- Born: December 14, 1772
- Died: May 7, 1855 (aged 82)
- Known for: Embroidery
- Spouse: Axel Oxenstierna ​(m. 1801)​

= Wendela Gustafva Sparre =

Swedish artist (1772–1855)

Wendela Gustafva Sparre af Rossvik (December 14, 1772 – May 7, 1855) was a Swedish textile artist. She was a member of the Royal Swedish Academy of Arts. She managed the Harg ironworks in Uppland between 1816 and 1827.

==Life==
Sparre was born at Långdunker manor in Hyltinge parish in Södermanland to the noble Gabriel Sparre af Rossvik, captain of the royal regiment of Prince Frederick Adolf of Sweden, and Maria Vendela Ulfsparre af Broxvik. On 15 October 1801, she married the nobleman and royal equerry Axel Oxenstierna (1743-1816), with whom she had a son, Carl Gabriel Oxenstierna (1802-1873).

After her marriage Sparre spent the majority of her life on her husband's estate, the Hargs ironworks in Uppland. She nursed her son, who was in poor health during his childhood. When she was widowed in 1816, she managed the Harg ironworks until the maturity of her son (that is, in 1827, when her son reached the age of 25 and thus reached his majority).

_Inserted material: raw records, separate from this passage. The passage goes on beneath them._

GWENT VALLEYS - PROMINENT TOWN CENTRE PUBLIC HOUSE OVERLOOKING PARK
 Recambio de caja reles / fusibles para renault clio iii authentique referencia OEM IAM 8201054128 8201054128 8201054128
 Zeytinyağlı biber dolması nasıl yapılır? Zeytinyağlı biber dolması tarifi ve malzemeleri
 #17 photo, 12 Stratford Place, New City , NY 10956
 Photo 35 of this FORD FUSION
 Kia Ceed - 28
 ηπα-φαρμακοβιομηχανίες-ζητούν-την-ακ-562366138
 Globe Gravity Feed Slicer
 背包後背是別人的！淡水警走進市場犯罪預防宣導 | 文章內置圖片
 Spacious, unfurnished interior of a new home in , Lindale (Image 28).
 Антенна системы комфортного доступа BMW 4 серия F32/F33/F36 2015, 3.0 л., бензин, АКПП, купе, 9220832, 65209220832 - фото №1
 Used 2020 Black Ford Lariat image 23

Wendela Gustafva Sparre was known and acknowledged as a non-professional artist within silk embroidery. In 1797, she participated in the art exhibition of the academy with a work depicting a "Landscape of the South". The same year, she was elected to the Swedish Royal Academy of Arts.
Her best known work is Flodlandskap ('Riverside') from 1796.